*** Opening of Data to process ***

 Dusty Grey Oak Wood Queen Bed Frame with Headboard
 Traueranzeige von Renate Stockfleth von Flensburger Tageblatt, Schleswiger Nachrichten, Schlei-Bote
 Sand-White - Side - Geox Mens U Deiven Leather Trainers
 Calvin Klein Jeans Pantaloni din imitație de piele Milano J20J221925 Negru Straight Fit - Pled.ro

*** Close of Data to process ***
*** Opening of Data to process ***

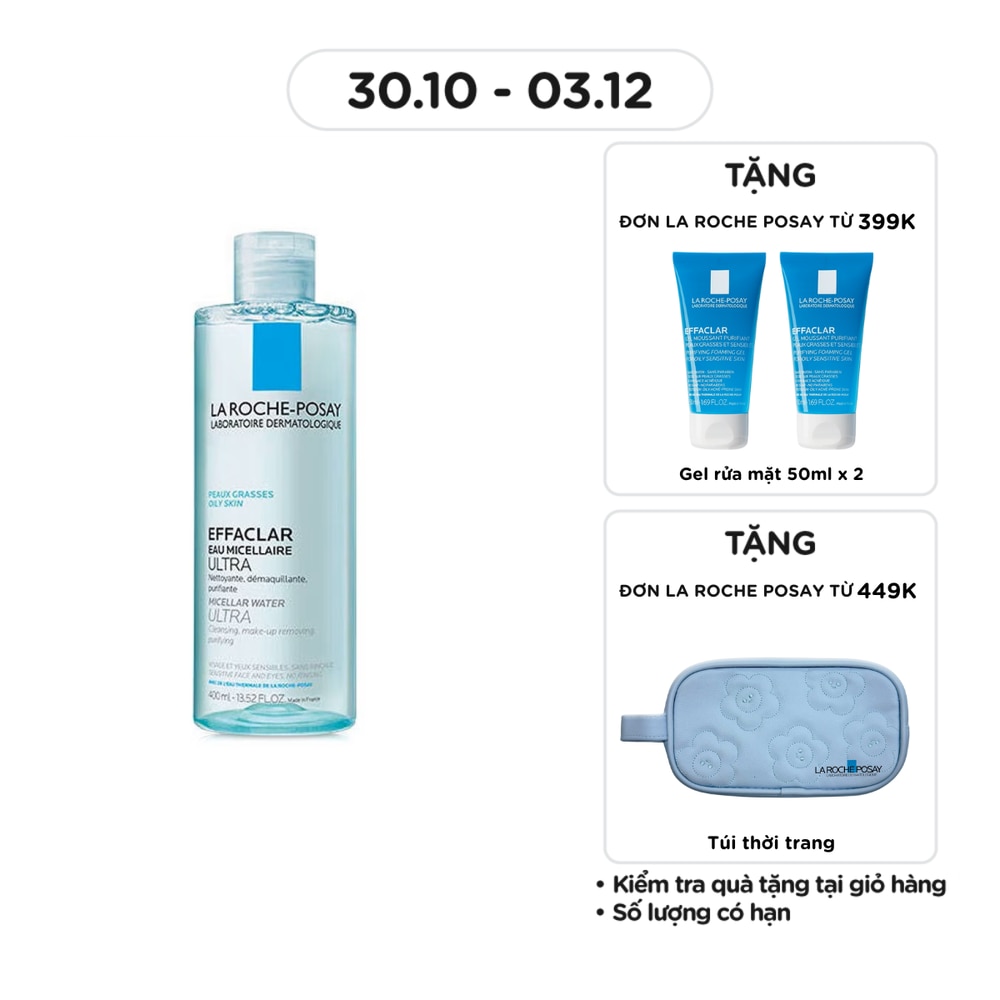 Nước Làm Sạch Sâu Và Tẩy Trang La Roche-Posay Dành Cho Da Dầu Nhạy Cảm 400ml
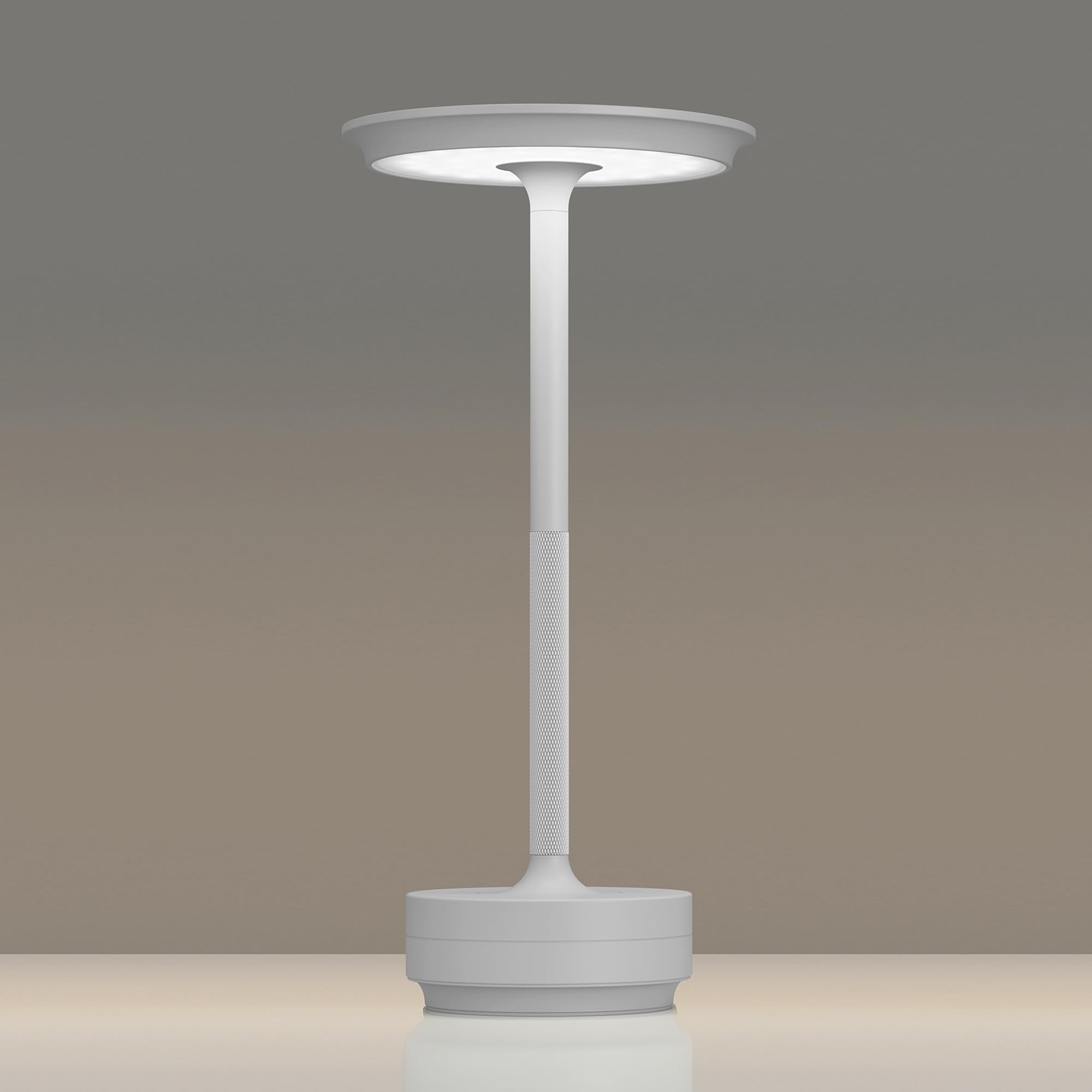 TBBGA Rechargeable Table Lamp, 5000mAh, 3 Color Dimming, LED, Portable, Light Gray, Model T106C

*** Close of Data to process ***
*** Opening of Data to process ***

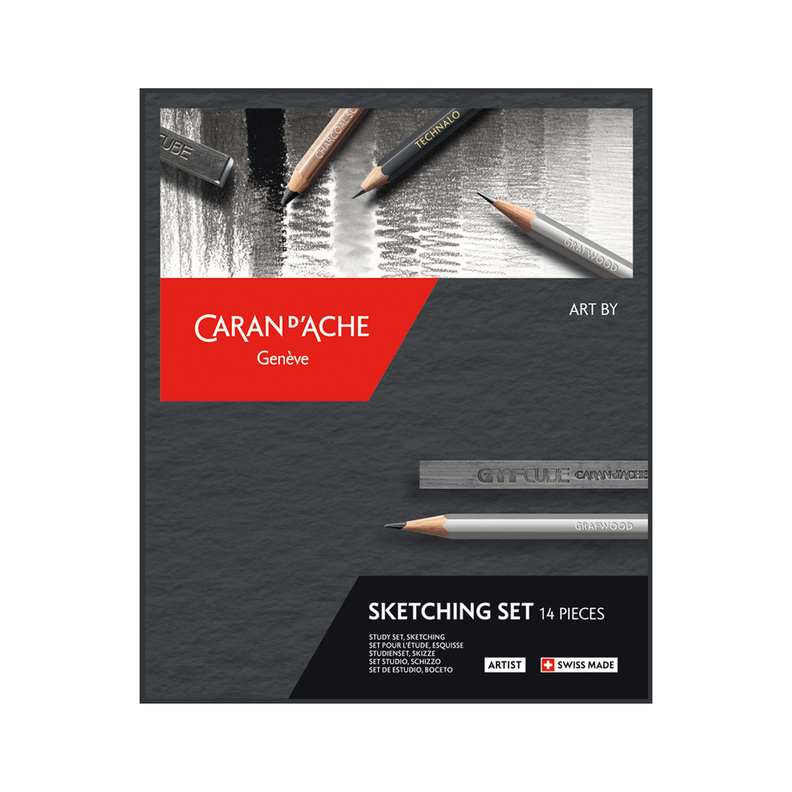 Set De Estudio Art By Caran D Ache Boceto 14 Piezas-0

*** Close of Data to process ***

From the data above, output only the lines between the line containing "Sand-White - Side" and the line containing "Calvin Klein Jeans", inclusive, exactly as written.

 Sand-White - Side - Geox Mens U Deiven Leather Trainers
 Calvin Klein Jeans Pantaloni din imitație de piele Milano J20J221925 Negru Straight Fit - Pled.ro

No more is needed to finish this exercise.